- TASK PROMPT
Wherever an image appears in the records, exclude it, and reproduce everything else exactly.

'''

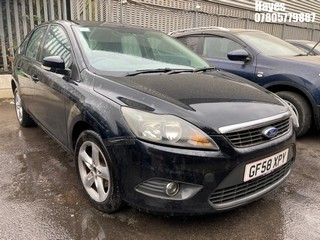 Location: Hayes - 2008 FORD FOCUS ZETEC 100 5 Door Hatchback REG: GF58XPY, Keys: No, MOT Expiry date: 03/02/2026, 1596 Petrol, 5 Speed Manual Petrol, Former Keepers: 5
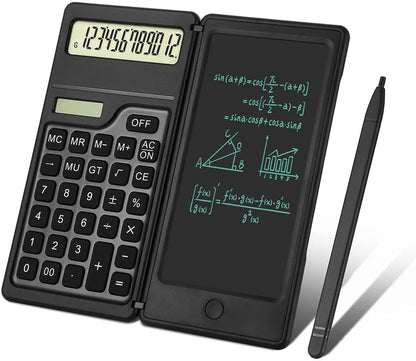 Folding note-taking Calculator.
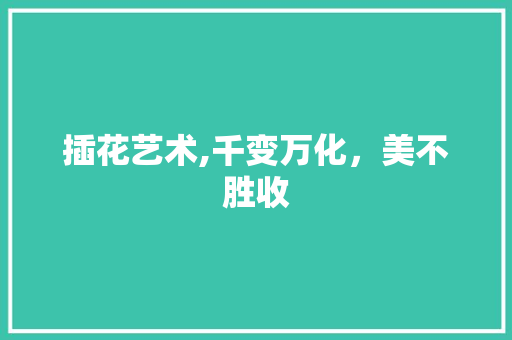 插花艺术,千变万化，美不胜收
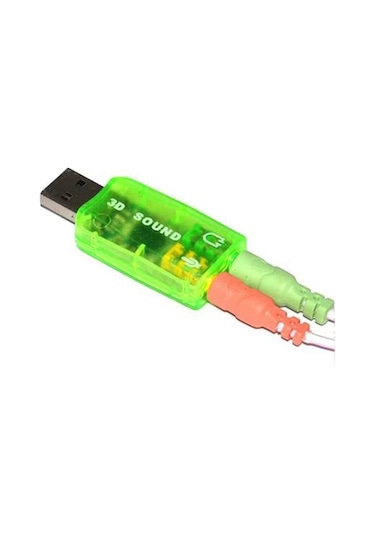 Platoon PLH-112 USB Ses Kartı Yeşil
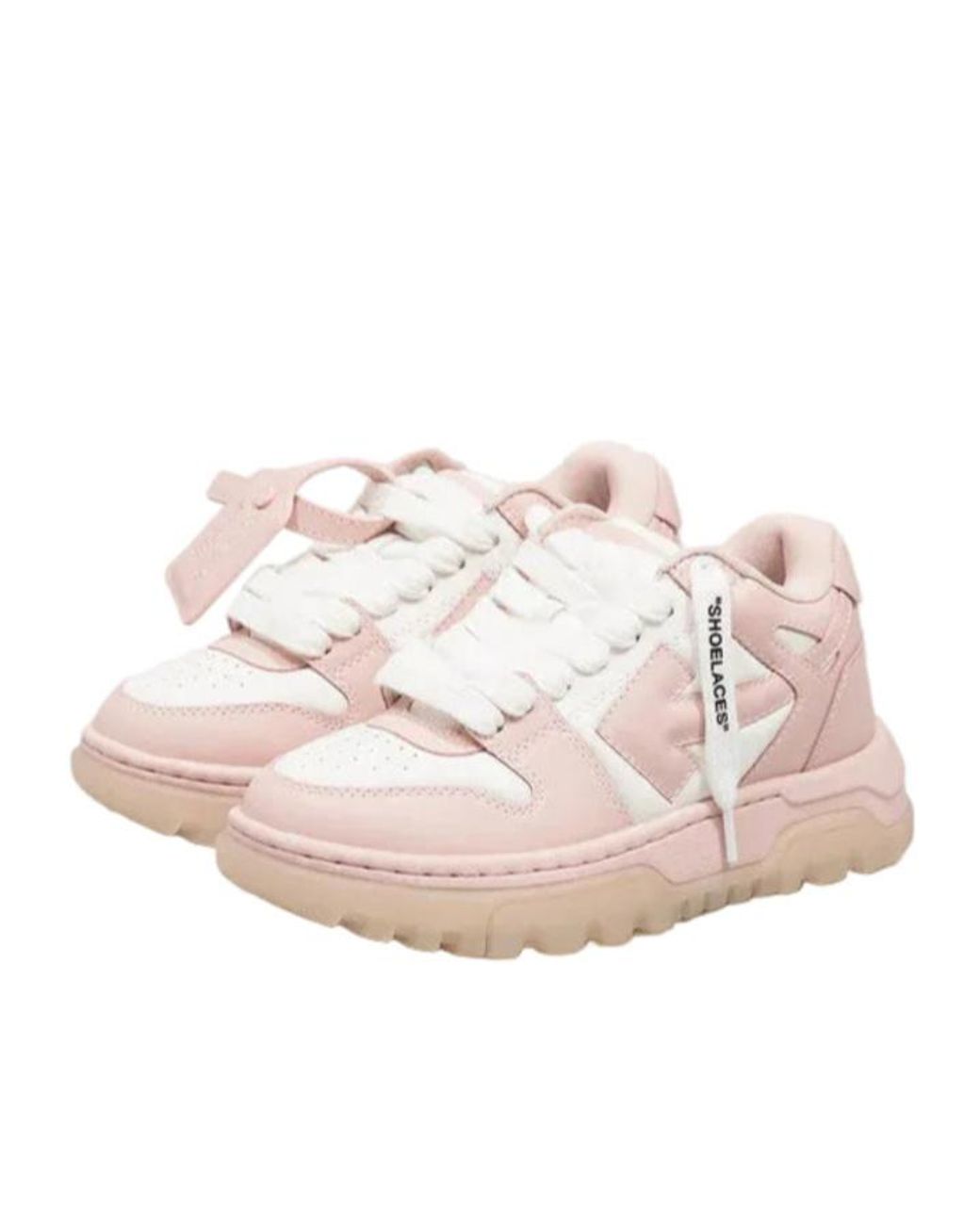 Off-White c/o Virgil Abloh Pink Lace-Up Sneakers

'''

- RESPONSE
 Location: Hayes - 2008 FORD FOCUS ZETEC 100 5 Door Hatchback REG: GF58XPY, Keys: No, MOT Expiry date: 03/02/2026, 1596 Petrol, 5 Speed Manual Petrol, Former Keepers: 5
 Folding note-taking Calculator.
 插花艺术,千变万化，美不胜收
 Platoon PLH-112 USB Ses Kartı Yeşil
 Off-White c/o Virgil Abloh Pink Lace-Up Sneakers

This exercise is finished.